HTML Import Add-on is capable of reading HTML documents in various formats, extracting the genealogical information they contain, and converting that information into GEDCOM form to be displayed in Gedcom Viewer, or, ultimately, to be saved in a file. HTML Import Add-on is currently capable of processing the following kinds of HTML documents:
Uncustomized output produced by various versions of GED2HTML.
Individual data pages generated by the RootsWeb WorldConnect server.
Data pages generated by GEDitCOM using the standard Web page style.
Data pages generated by Legacy 4.0.
To use HTML Import Add-on, first make sure that you
have loaded the add-on, as described
here.
If the add-on has been loaded successfully, then its presence
will be indicated in the About
screen.
Also, there will be an Import HTML
item under
the Tools
menu.
Assuming HTML Import Add-on has been successfully loaded,
selecting this menu item will open a dialog asking you for the
URL of the document that you wish to load.

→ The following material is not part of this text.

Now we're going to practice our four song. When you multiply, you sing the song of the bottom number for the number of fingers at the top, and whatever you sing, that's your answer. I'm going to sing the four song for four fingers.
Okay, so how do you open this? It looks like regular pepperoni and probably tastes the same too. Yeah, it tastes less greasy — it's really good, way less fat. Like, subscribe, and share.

The easiest way to enter this URL is to first use a normal Web
browser to display the document you want to load, then select
the URL of this document and paste it into the dialog box.
Make sure that you are looking at a page that shows information
about a particular individual, because
HTML Import Add-on for the most part currently does not
understand any other kinds of pages, such as index or search pages.

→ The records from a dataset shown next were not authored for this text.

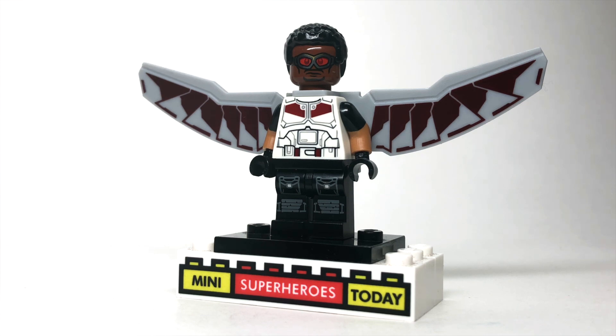Drop a comment below, let me know what you think of this custom figure. I'll be doing the Winter Soldier next, so stay tuned for that. Hit like and subscribe if you haven't already, and if you like the song that you heard during the duration of this, it's my song, and you can click here to listen to that.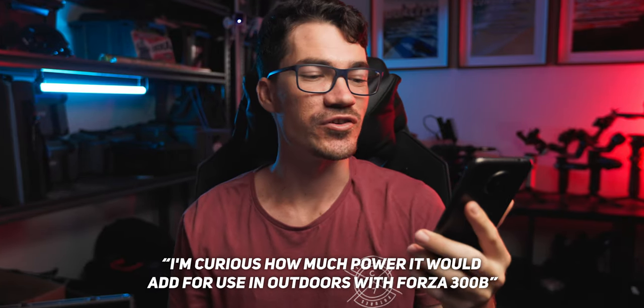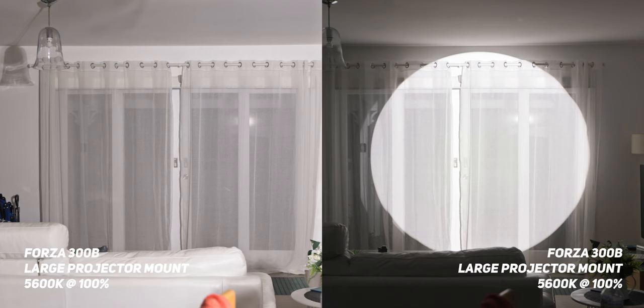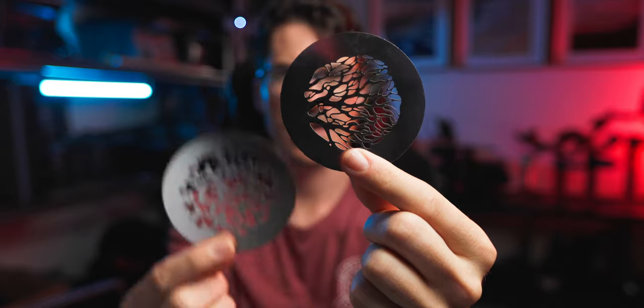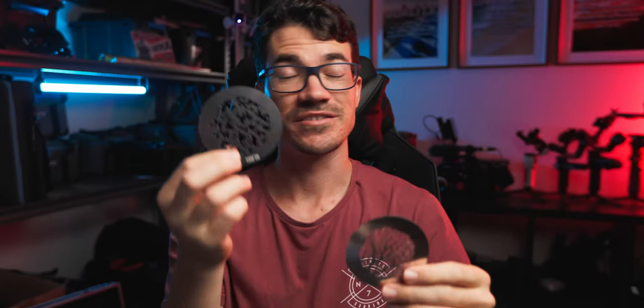I'm curious how much power it would add for using it outdoors with a Forza 300B. If we compare it to a Forza 300B with a reflector dish, you can see the output is just insanely more — but that feels like an unfair test. Putting it side by side with a FL20G Fresnel is probably a better comparison. Also, if you currently have the small projector mount and you're looking at upgrading to the bigger one, keep in mind that the gobos are actually different sizes. The gobo from the small projector mount is noticeably smaller than the gobo from the new projector mount — I'm not sure if there's an adapter available, but that is just something to keep in mind.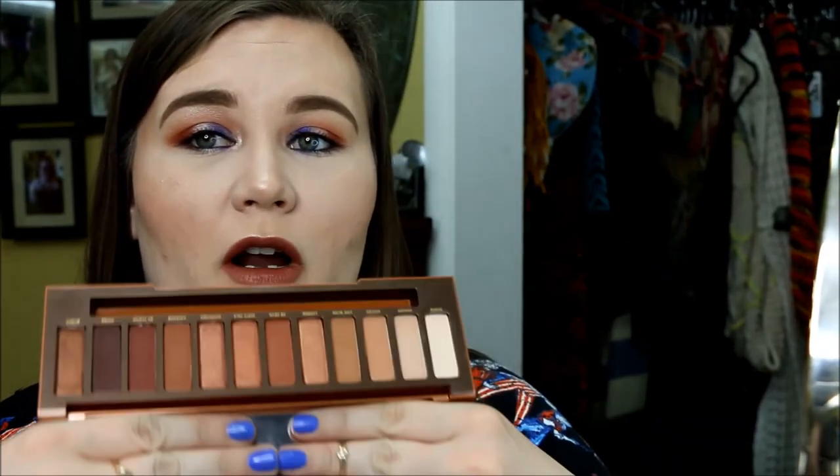They are just that normal, creamy, great consistency that you expect from Urban Decay. Now we're going to end up getting into the swatching part of this palette.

For a demonstration, you can try the following page generated
by GED2HTML:
http://www.starkeffect.com/gedcomviewer/doc/import_demo/d0003/g0000033.html#I828
If GEDCOM Viewer complains that the current GEDCOM is
read-only, then use the New
item from the File
menu to clear the existing GEDCOM before attempting to import.
If the import was successful, the GEDCOM Viewer index
panels will be updated to include the names of individuals extracted
from the HTML document.
You can then use the viewer to browse the imported information
as if you had loaded it from a GEDCOM file.
If the import was not successful, you will see an error dialog
indicating that the format of the document was not understood.
If this happens for a page apparently produced by
GED2HTML,
it could mean that the format was customized by the person who
created the page. In this case, it will probably not be possible
to import that document.
If the import is unsuccessful for a
RootsWeb WorldConnect
data page, it might mean that RootsWeb has changed the format of the
page. In that case, I would like to hear about it
(please send the exact URL that failed) so that I can issue an update.
Each time you import an HTML document,
HTML Import Add-on will attempt to cause the imported
document to display in your Web browser (in case you weren't already
viewing it). If you find this behavior inconvenient, it can be
disabled by using the options editor
to set the BROWSER_TRACKS_IMPORT
option variable
to false
.
Once you have successfully imported at least one HTML document,
or if you have loaded a GEDCOM that was previously created by
importing HTML documents, then when you are viewing the information
about particular GEDCOM record and you see an
Import
button displayed in the Gedcom Viewer
button bar, it means that there is a link to a page containing
information about that record which has not yet been imported.
In that case, if you click on the Import
button,
the import will be attempted.
If successful, the display will be updated to incorporate any
new information obtained from the imported document.
Besides using the Import
button to manually
select documents to import, it is also possible to use the
Auto-import HTML
item under the Tools
menu to automatically follow links and import HTML documents linked
from the existing GEDCOM.
For this operation to be useful, you must already have imported
some HTML documents (or be viewing a GEDCOM created by previously
importing HTML documents), and that GEDCOM must contain some links
to documents that have not yet been imported.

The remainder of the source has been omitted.